Gracias a aquel «heredero de Franco», en año y medio se paseaban por el Congreso de los Diputados Dolores Ibárruri, Marcelino Camacho, Rafael Alberti, Xabier Arzalluz, Santiago Carrillo, Francisco Letamendía y todos aquellos que los españoles quisieron libremente elegir. La obra política de la dictadura fue enviada a “los desvanes de la historia”, como dice Anson, con la Constitución de 1978, y eso fue, en grandísima medida, gracias a la determinación (esto se vio el 23-F) de aquel señor a quien los actuales republicanos voceones (que no son todos ni mucho menos) llaman “rey franquista” y “heredero de Franco”. Esto lo dicen mucho sobre todo los indepes catalanes, que saben perfectamente que el actual Rey, Felipe VI, es una de las grandes bazas mediáticas de la imagen de la España constitucional, y por eso hay que acabar con él, insultarle a conciencia y llamarle, también a él, “heredero de Franco”.

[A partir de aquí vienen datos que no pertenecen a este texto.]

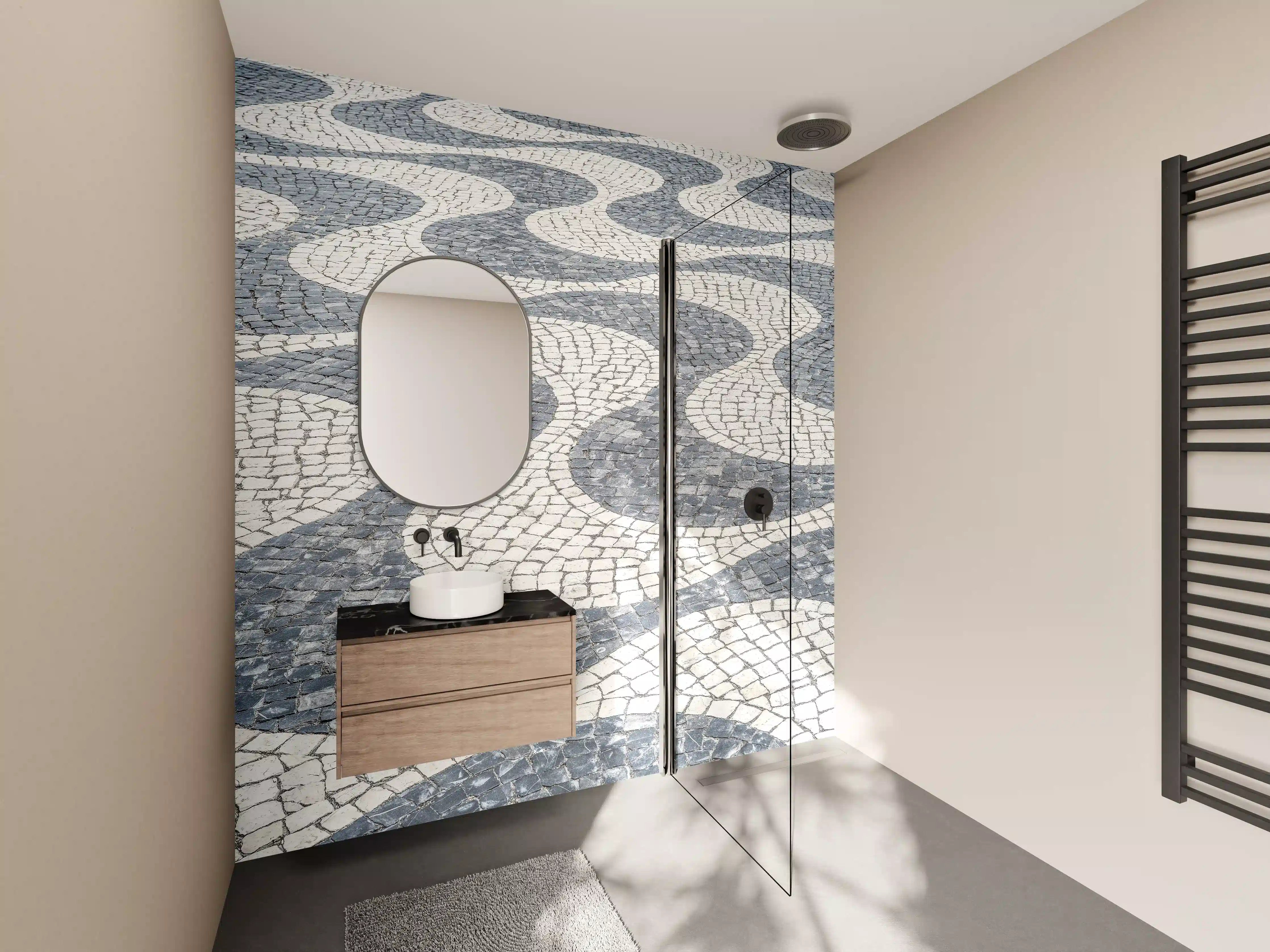 Wandverkleidung Bad - Geometrische Weiß-Schwarz-Mosaik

Por favor. Los que parecen no herederos, sino coetáneos de Franco son todos estos que parecen no haberse movido un milímetro de sus consignas desde hace bastante más de medio siglo, cuando ni siquiera habían nacido.
¿Que la democracia española no es perfecta? Eso es evidente. ¿Que es discutible que el jefe del Estado no sea elegido por los ciudadanos? Claro que lo es, pero es imposible discutir con la gente que, cuando se saca la conversación, se comportan como si les hubiesen mentado a la madre y gallean como si ese fuese el mayor de los problemas del país, como si de ese mecanismo dependiese todo. Y saben bien que no es así; que la Corona sigue en pie no por la fuerza, no porque sea “heredera de Franco”, sino precisamente porque es todo lo contrario: algo que ha resultado, como bien dice Anson, útil para la sociedad y para la democracia durante cuatro décadas, lo mismo que la monarquía danesa o británica, lo mismo que las repúblicas alemana o francesa.
Y ahora, hala: pónganse ustedes a dar voces, como es costumbre.